[WHAT THIS TASK INVOLVES]:
Each record is to be printed again exactly, though not its pictures.

[Stored items]:
################
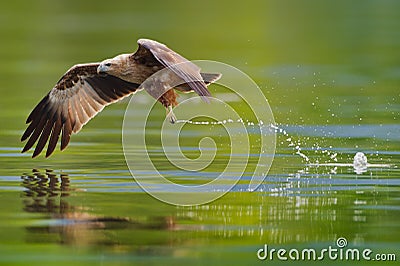 Immature brahminy kite hunting Stock Photo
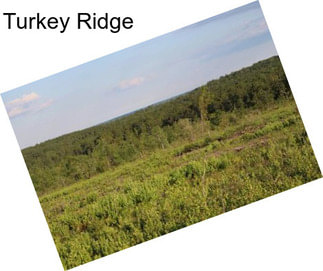 Turkey Ridge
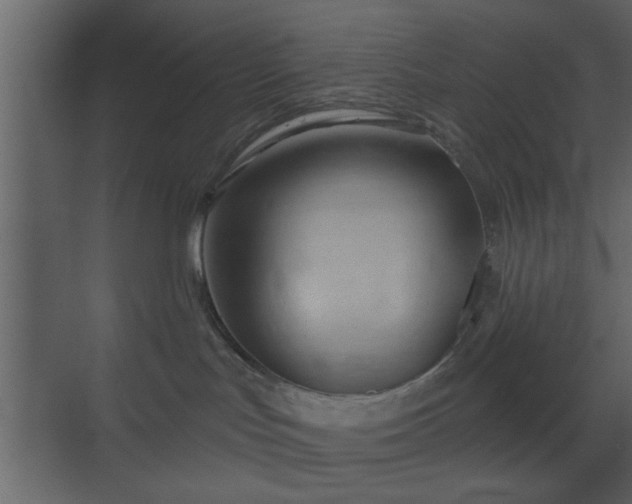 X0000070160047200605301311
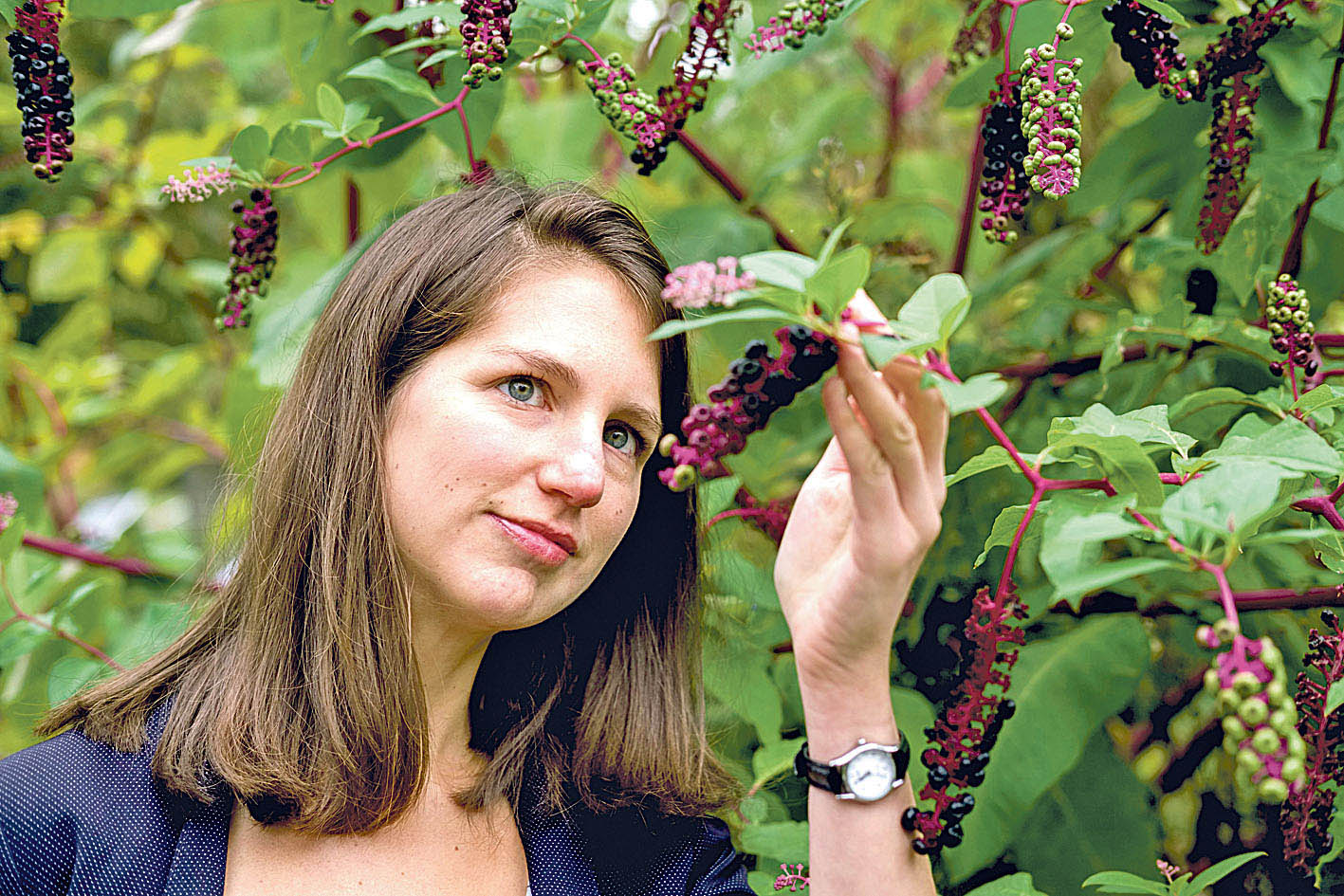 Image - Antibiotikum aus Schafdung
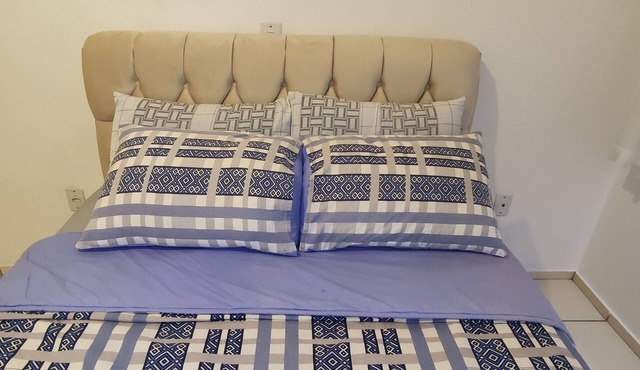 Apt Centro 2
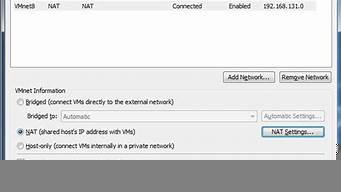 虚拟主机ip访问(虚拟主机怎么看ip地址)-百变无痕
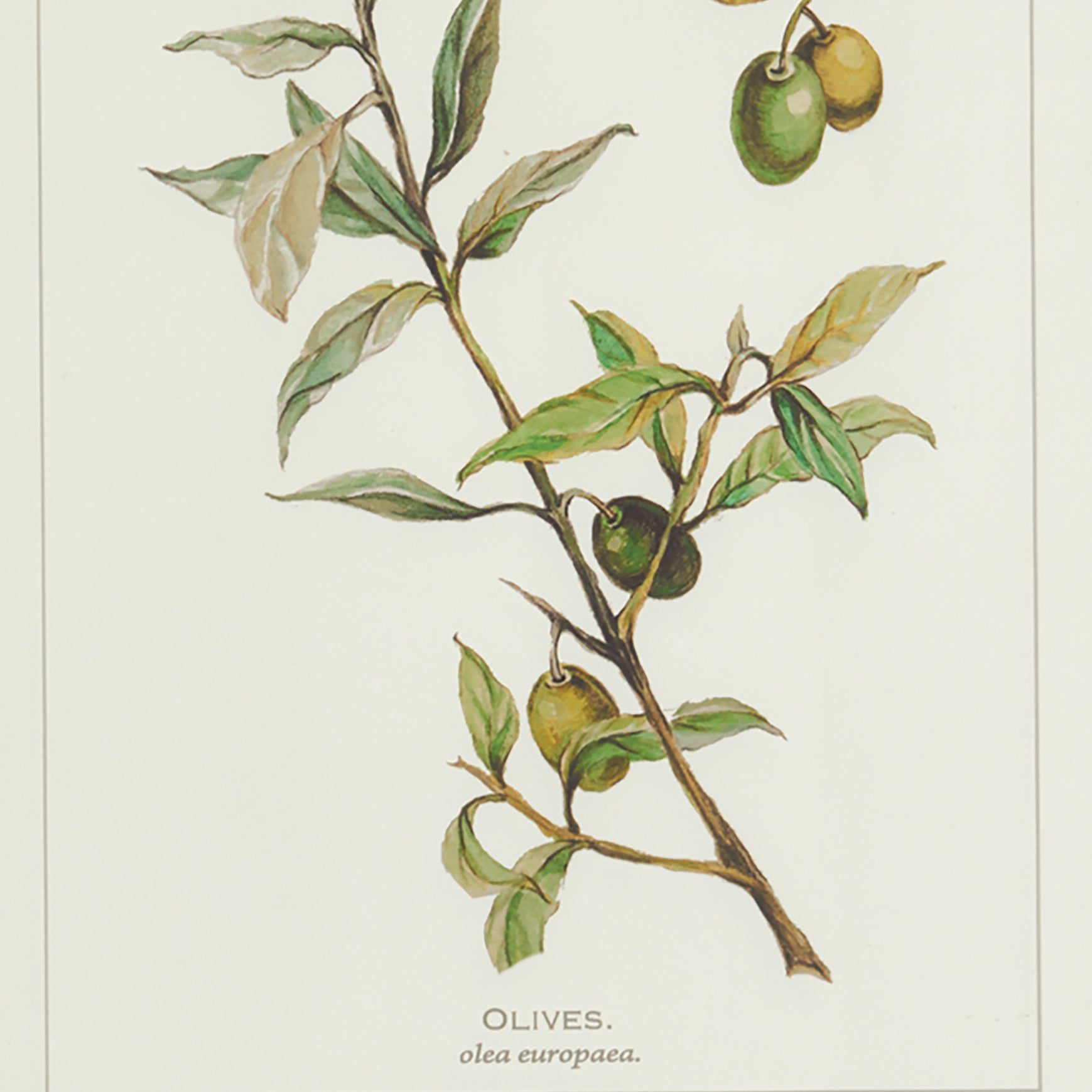 Framed Olive Branch Prints, Set of 4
################
[SOLUTION TO THIS TASK]:
 Immature brahminy kite hunting Stock Photo
 Turkey Ridge
 X0000070160047200605301311
 Image - Antibiotikum aus Schafdung
 Apt Centro 2
 虚拟主机ip访问(虚拟主机怎么看ip地址)-百变无痕
 Framed Olive Branch Prints, Set of 4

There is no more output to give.